TASK
Take the lines from the one with "Boston University Vive" through the last line of the material below and write them out exactly, without any pictures.
Start of AVAILABLE DATA
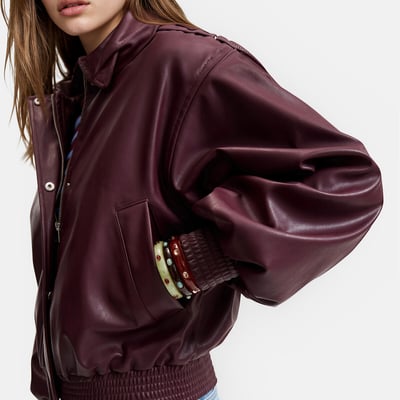 Casaco curto em pele sintética, com fecho, meia estação LA REDOUTE COLLECTIONS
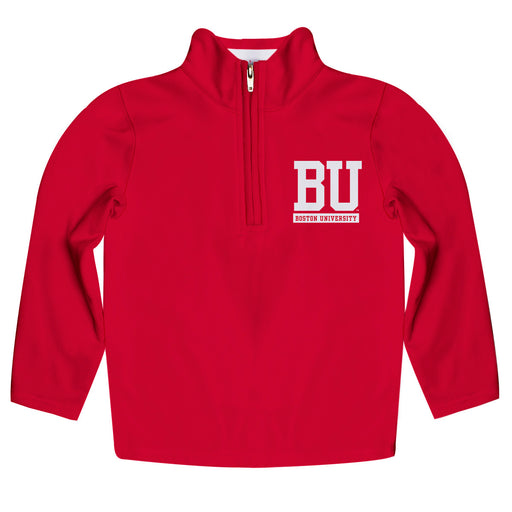 Boston University Vive La Fete Game Day Solid Red Quarter Zip Pullover Sleeves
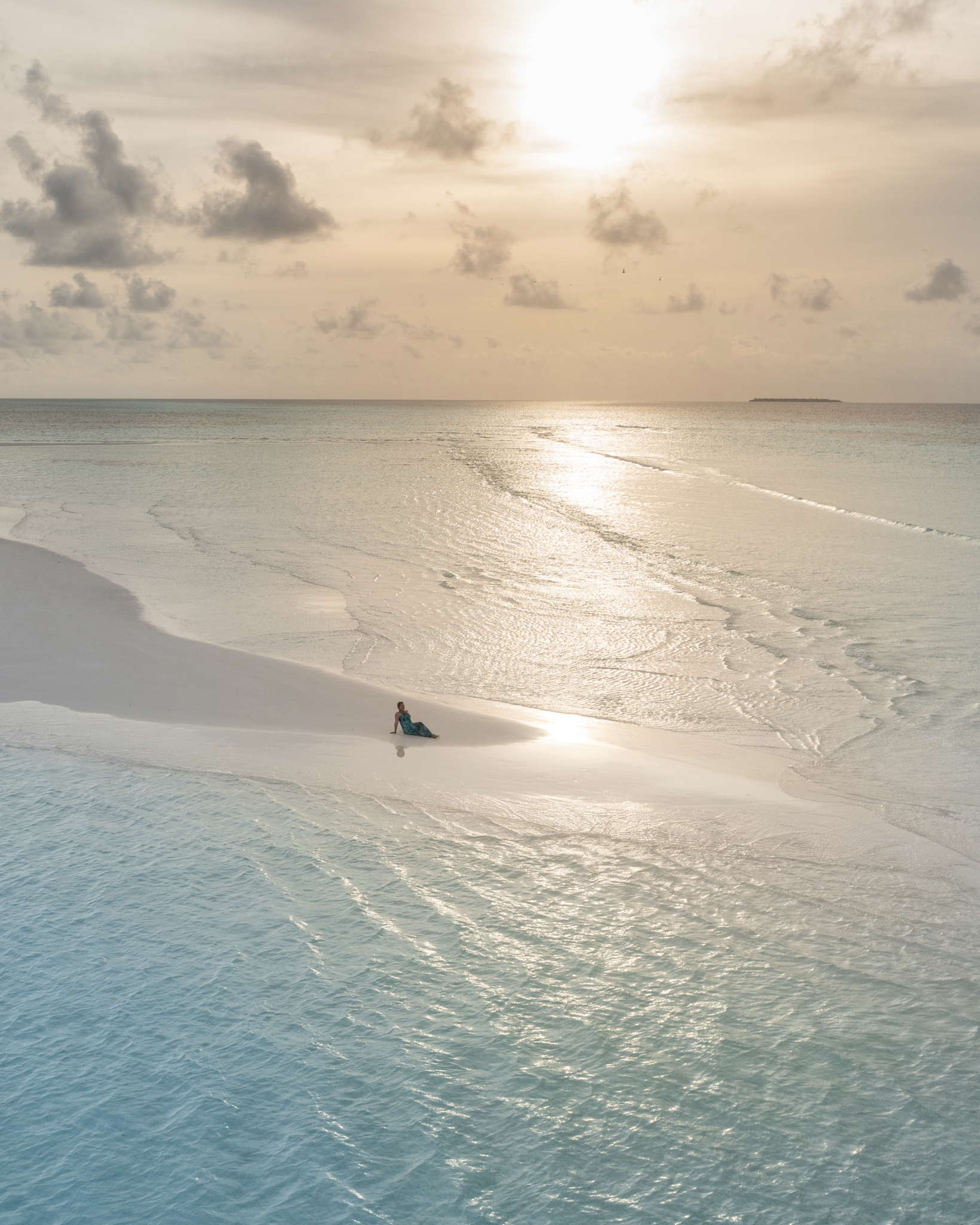 Tropical beach sandbar aerial view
End of AVAILABLE DATA
WRITTEN ANSWER
 Boston University Vive La Fete Game Day Solid Red Quarter Zip Pullover Sleeves
 Tropical beach sandbar aerial view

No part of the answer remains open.